Rz: Ogólne myślenie o sytuacji artysty jest takie, że skoro nie potrafi się utrzymać, to jest kiepski. Albo jeśli chce więcej zarabiać, to niech zmieni branżę… Właściwie dlaczego mamy się użalać nad tą grupą zawodową? Artysta żyje z dnia na dzień, z głową w chmurach. Czasem robi zadymy i świetnie się bawi…

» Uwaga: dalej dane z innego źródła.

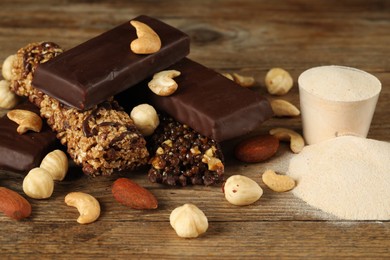 Photo of Different tasty bars, nuts and protein powder on wooden table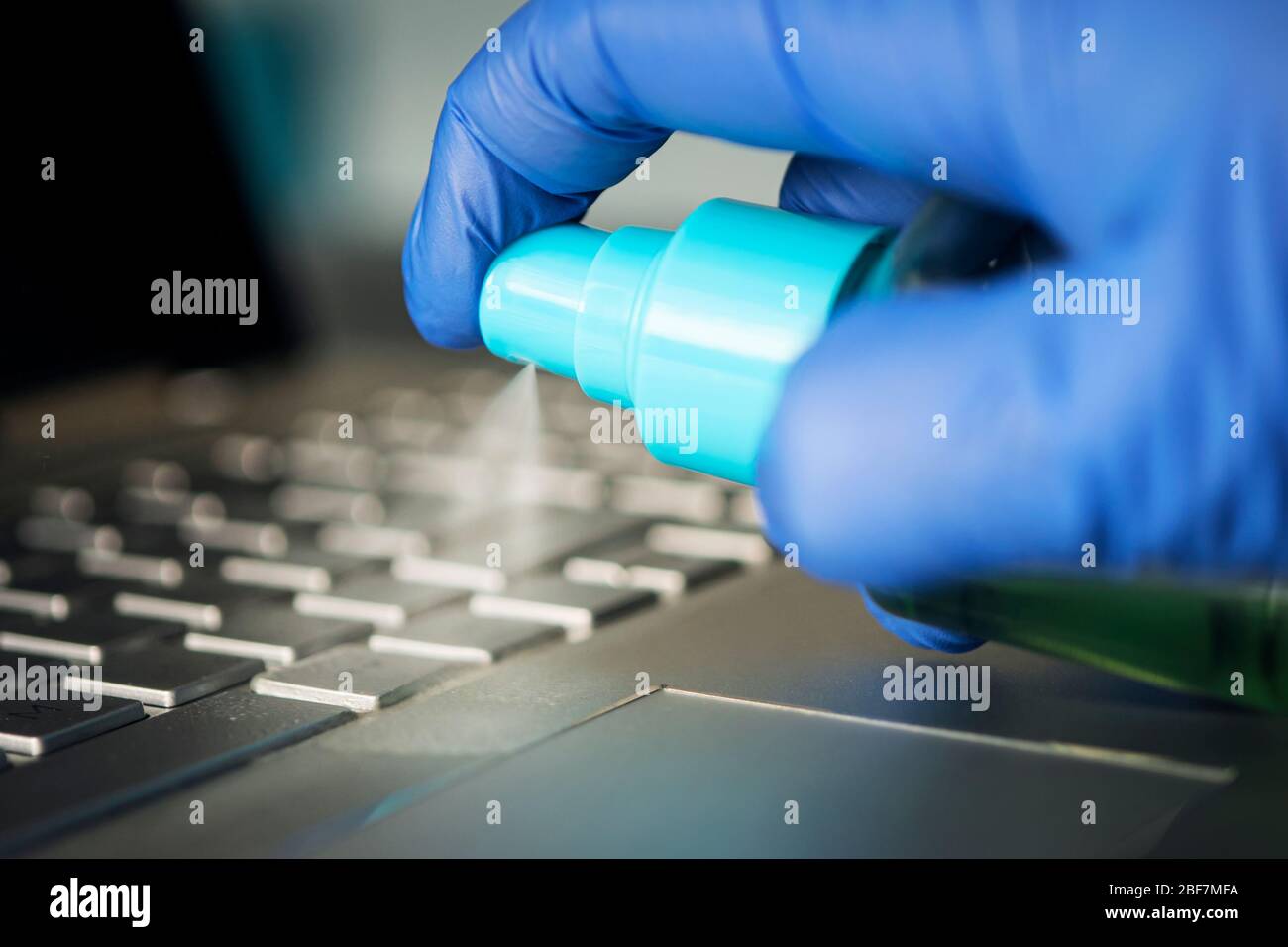 Computer keyboard disinfection with an antibacterial disinfectant spray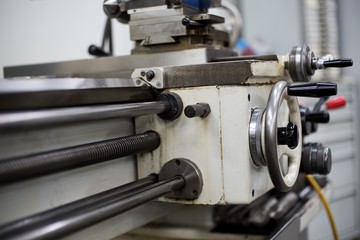 Abandoned machine metalworking lathe in a factory closing due to the pandemic virus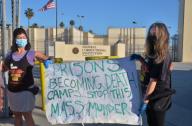 A small group of activists protest outside the Federal Correctional Institution in San Pedro, California on Saturday, May 2, 2020. The American Civil Liberties Union on Saturday filed a pair of class-action lawsuits on behalf of federal prisoners at Lompoc and Terminal Island, claiming that officials mishandled coronavirus outbreaks at the facilities that had infected a combined total of 1,775 inmates, killing 10. File Photo by Jim Ruymen/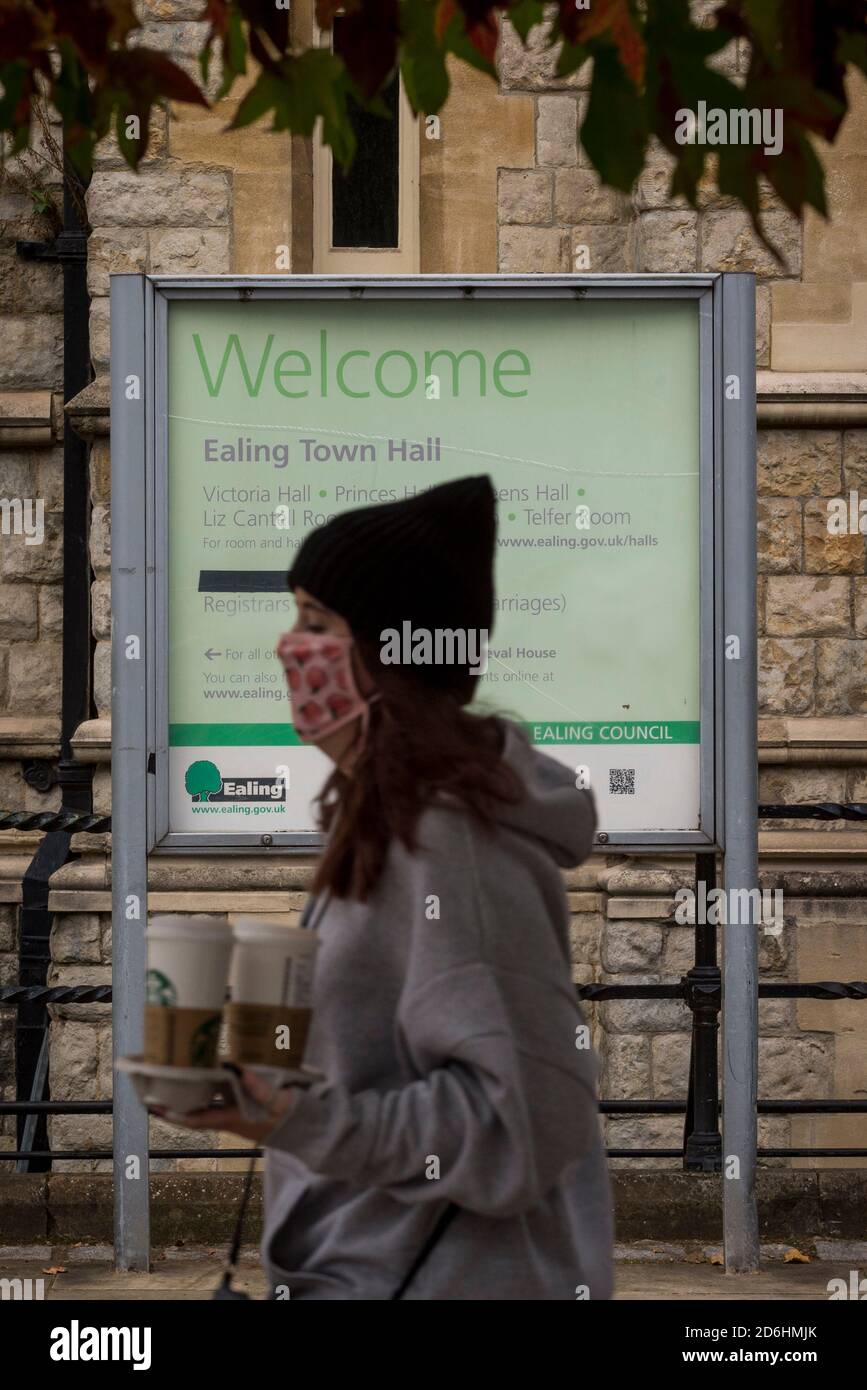 London, UK.  17 October 2020. A woman wearing a facemask passes the Town Hall in Ealing, west London.  The Office for National Statistics (ONS) has reported that the confirmed coronavirus cases in the capital exceed 67,000, with Ealing having the highest Covid-19 rate amongst London Boroughs at 144 cases per 100.  Following the UK Government’s announcement, the capital has today moved from Tier 1 to Tier 2, meaning a ban on indoor social mixing between households in the capital.  Credit: Stephen Chung / Alamy Live News Stock Photo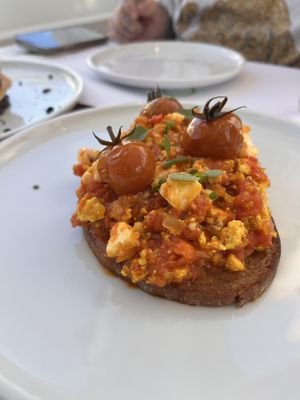 Kayanas “soft scrambled egg” it honestly taste even 10x better than it looks. Full of flavor and the protein mixed with the cheese and bread at the bottom is pretty filling.  at 5SENSES Restaurant in Santorini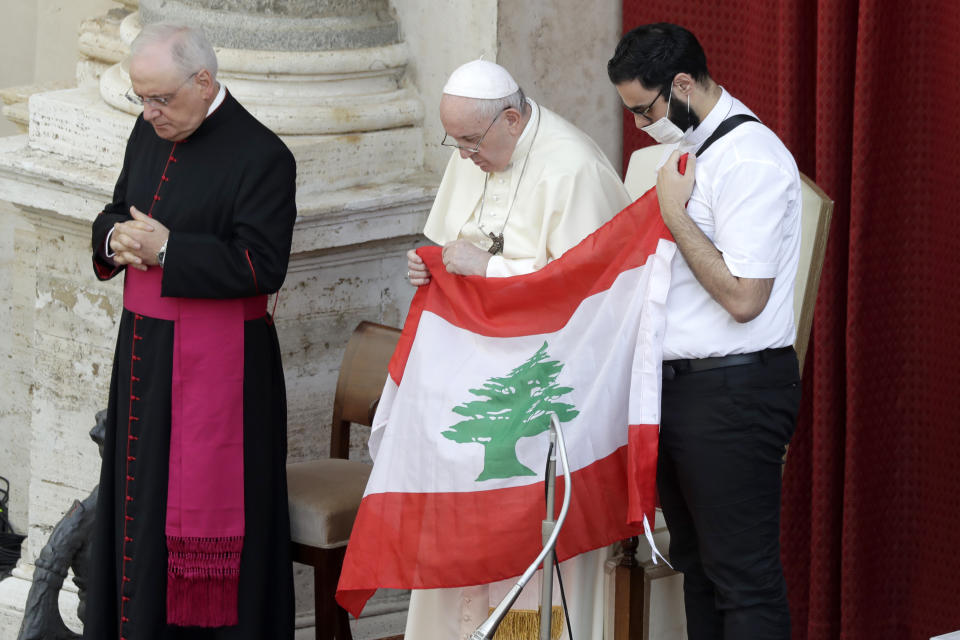Pope Francis is flanked by Lebanese priest Georges Breidi as they hold a Lebanese flag in remembrance of last month's explosion in Beirut, during the pontiff's general audience, the first with faithful since February when the coronavirus outbreak broke out, at the San Damaso courtyard, at the Vatican, Wednesday, Sept. 2, 2020. (AP Photo/Andrew Medichini)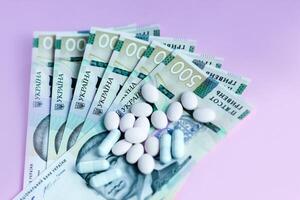 Pills and vitamins on a protective medical bandage. Influenza virus. photo
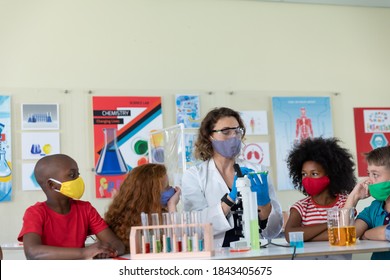 Caucasian Female Teacher Wearing Face Mask At School, Teaching Children At School Classroom. Education Back To School Health Safety During Covid19 Coronavirus Pandemic.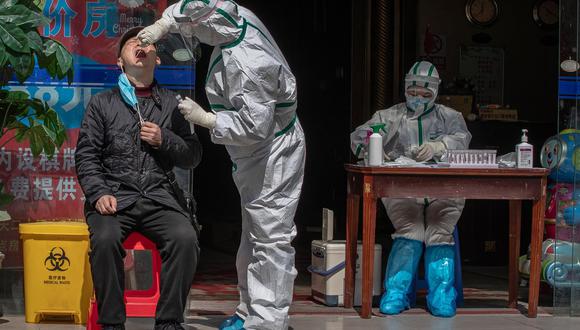 Un trabajador médico con un traje de protección completo hace una prueba a un hombre para detectar síntomas de coronavirus Covid-19 en una calle de Wuhan, China, el 1 de abril de 2020. (EFE / EPA / ROMAN PILIPEY).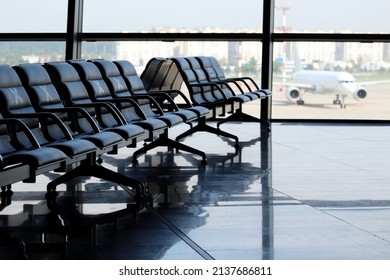 Empty waiting chairs in the airport building against the plane on runway. Ban on flights over Europe from Russia, travel during quarantine at coronavirus pandemic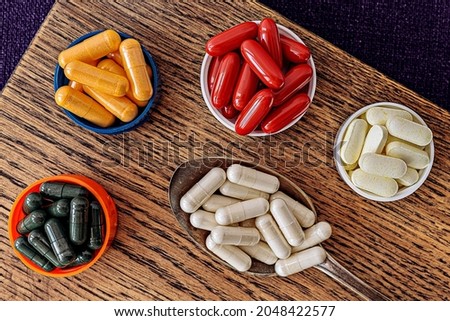 ubiquinol (coQ10) coenzyme q10, chlorophyll, n-acetyl cysteine (NAC), l-lipoic acid and b-complex supplements on wooden board.  immune prevention care concept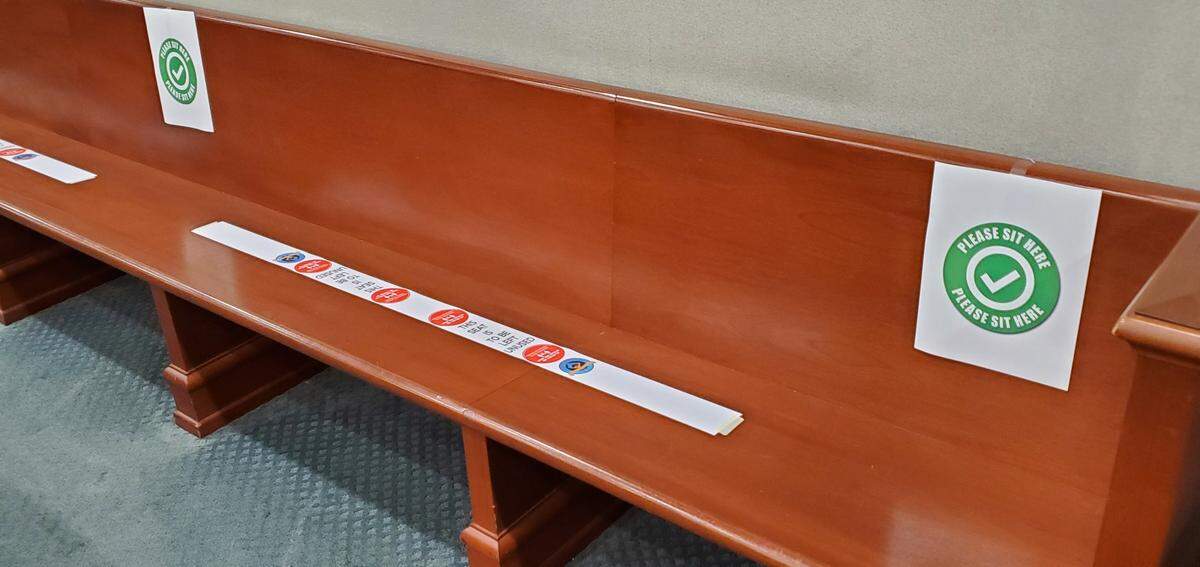 Benches in an Horry County courtroom are marked for social distancing. The county is one of the first in South Carolina to hold jury trials after being closed for coronavirus.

Mikołaj Iwański: Na pewno nie bawi się z takim rozmachem jak bohater „Wilka z Wall Street”. Codzienność większości czynnych artystów to raczej szarpanina od projektu do projektu, stawki bardziej niż skromne, okresy dużej niepewności i zlecenia mające niewiele wspólnego ze sztuką. Co więcej, w wielu mniejszych galeriach, zwykle finansowanych przez samorządy, honoraria są tak skromne, że artyści często sami dopłacają do wystaw. Zdarza się, że ci najlepsi otrzymują jakąś nagrodę albo stypendium z Ministerstwa Kultury umożliwiające dłuższe skupienie się na jednym pomyśle. W grę wchodzą też udane starania o rezydencje zagraniczne, ale nie jest to specjalnie powszechne. Szczerze mówiąc, znam niewielu artystów, w tym uznanych i docenionych, którzy mogą sobie pozwolić np. na coś tak banalnego jak posiadanie i utrzymanie samochodu.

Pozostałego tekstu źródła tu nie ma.